## [Problem to solve]
In the data below, begin at the line with "1001 Queen Street 2112, Honolulu, HI 96814" and stop after the line with "Generatore di ozono"; output those lines exactly and no pictures.

───── Data records ─────

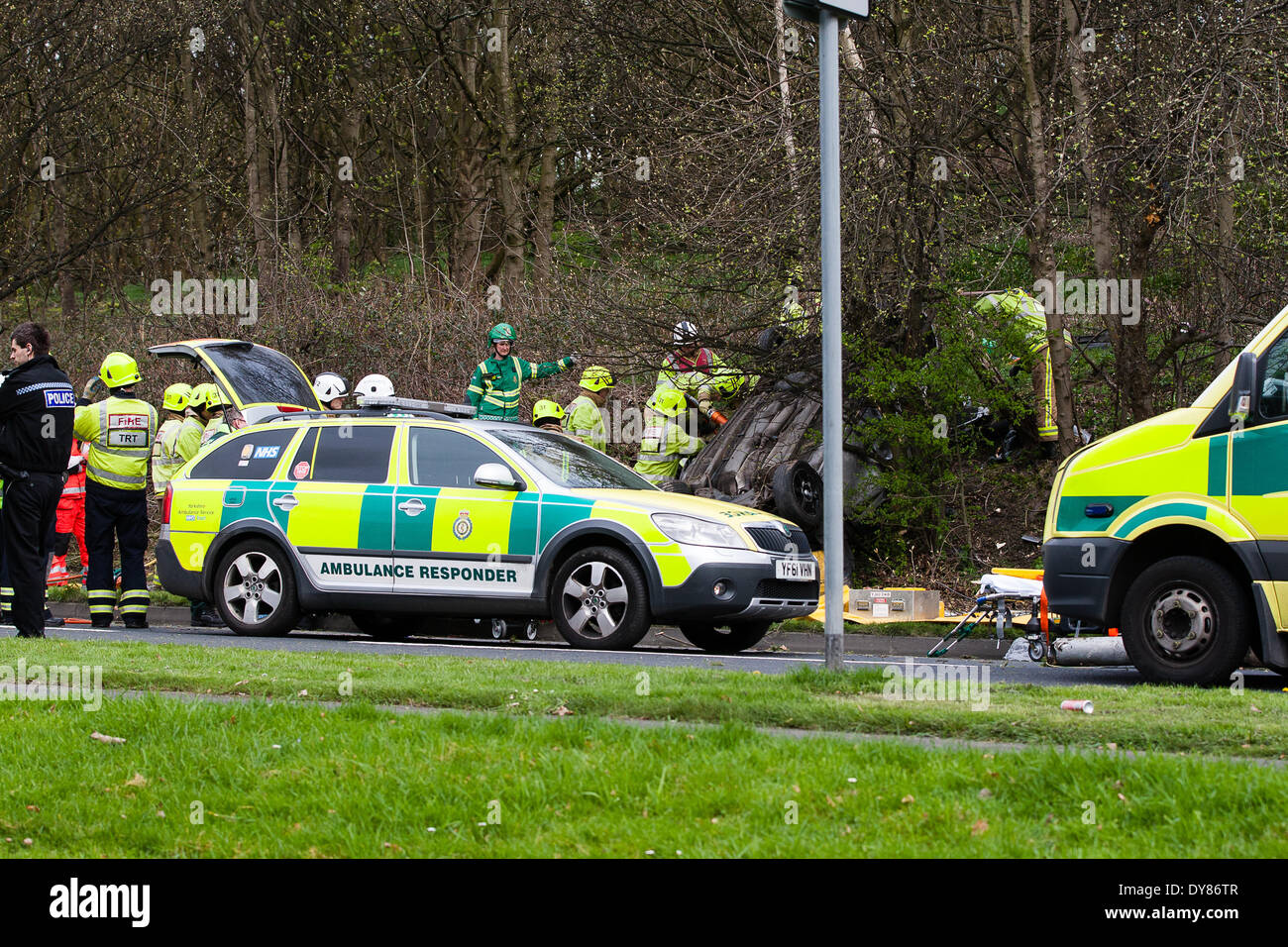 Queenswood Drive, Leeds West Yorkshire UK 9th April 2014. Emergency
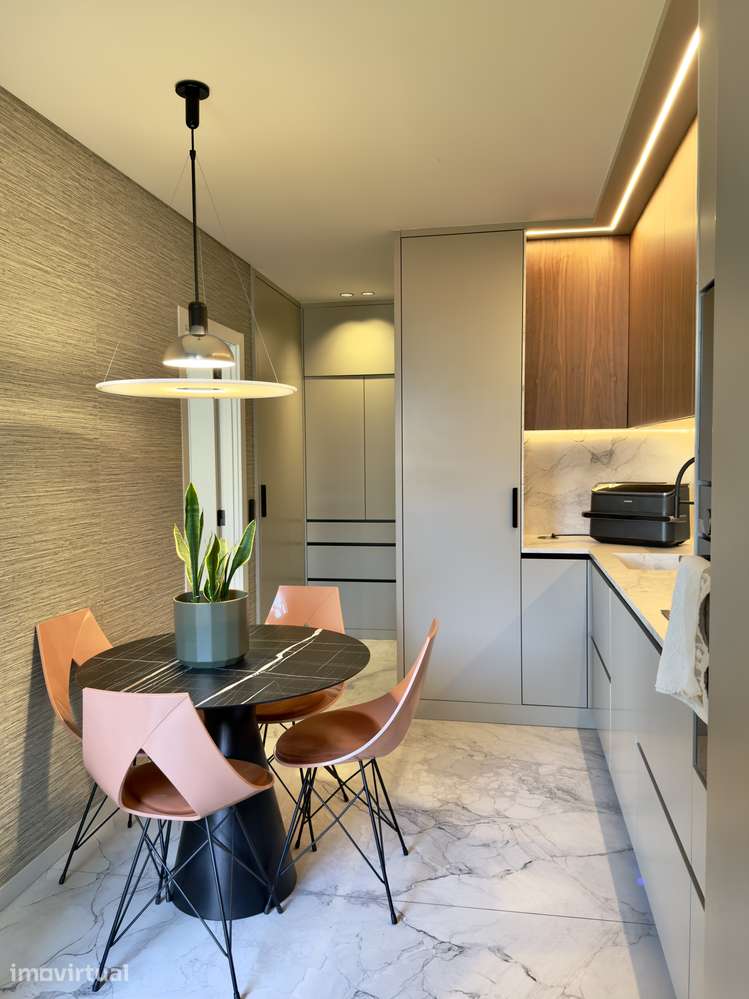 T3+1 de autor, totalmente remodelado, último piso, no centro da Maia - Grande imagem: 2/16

─────
───── Data records ─────

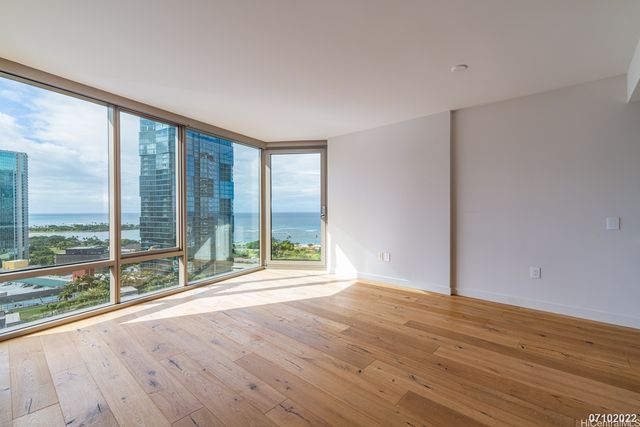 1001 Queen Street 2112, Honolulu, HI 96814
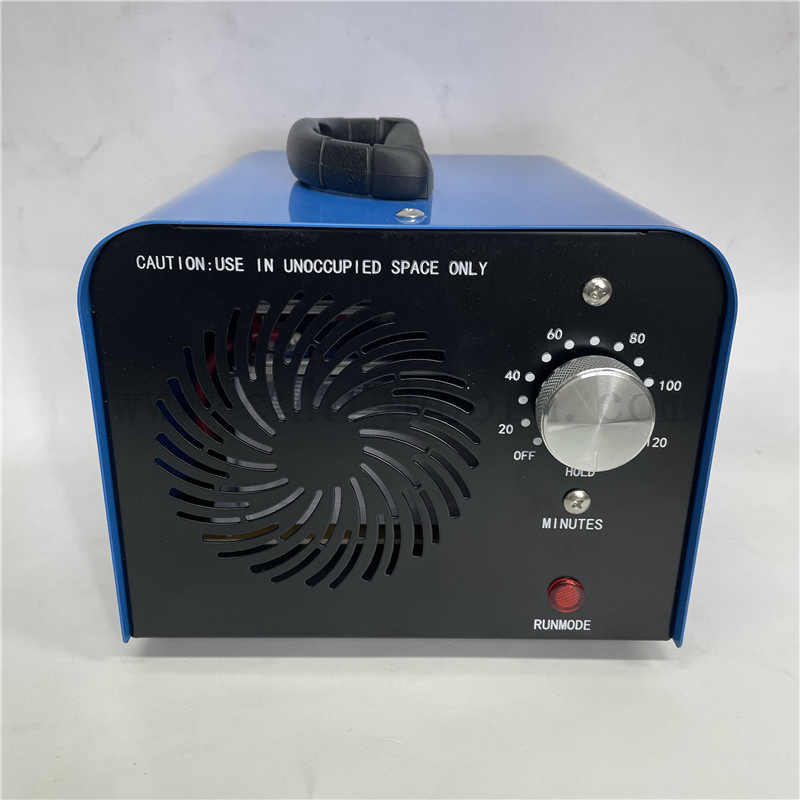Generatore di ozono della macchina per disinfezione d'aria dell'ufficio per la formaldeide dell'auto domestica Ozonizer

─────

## [Solution below]
 1001 Queen Street 2112, Honolulu, HI 96814
Generatore di ozono della macchina per disinfezione d'aria dell'ufficio per la formaldeide dell'auto domestica Ozonizer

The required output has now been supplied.